“İnsan yediği yemeğine baksın.” (Abese 24)
Bu emir
bizi yoktan var eden ve sayısız nimetlerle bizi kuşatan rabbimizden geliyor.
Her insan yediği yemeğe bakar ama Rabbimizin istediği bakman öyle değil. Ya
nasıl bakmak? “Bu yemekleri benim önüme kim gönderdi?”
diye düşünmektir.
Bunları
düşüneceğiz.Önümüzde türlü yemekler var. Ekmek var, domates var, biber var,
patlıcan var, fasulye var, elma var, portakal var, armut var. Bunların
şekilleri başka, renkleri başka, tatları başka. Her biri nereden gönderildi?

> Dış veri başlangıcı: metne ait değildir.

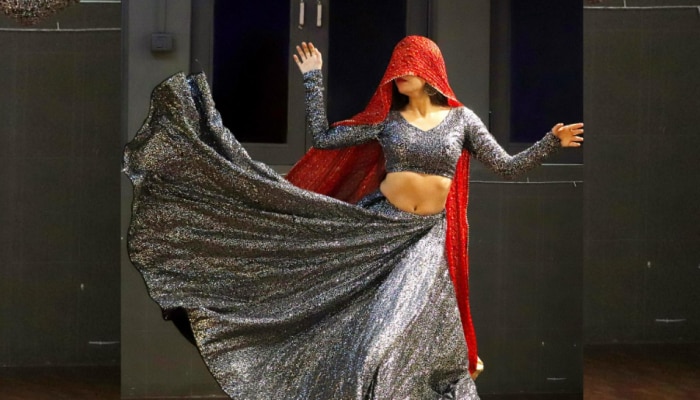 Dance Video : पायल छनकाते हुए लड़की ने मचाया तहलका, डांस देखते ही बावले हुए फैंस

Belki dünyanın bir ucundan geldi. Ama rastgele gelmedi Allah-u Teala
Hazreteleri o yiyecekleri, içecekleri hususiyle bize ayırdı.
Yiyecekler
yetişip gönderildiği yerlerden bize gelinceye kadar kimse onu yiyemedi içemedi.
Zaten kimse kimsenin rızkını yiyemez. Bu nedenle rızık için kimse
endişelenmemeli, harama lüzum yok helalinden yemeli. Meşayıh-ı ızamdan
birisine: “Yemek yerken her aza bir işle meşgul, kalp
ne ile meşgul?“ diye sorduklarında “Zikrullah ile” cevabını verir.
Burada
zikrullah Allah ism-i şerifini tekrarlamak değildir. Ya nedir? “Bu gıdaları Rabbim Teala ve Tekaddes Hazretleri önüme
koydu.” Bunu hatırlamaktır. Her yere ve hale göre zikir vardır.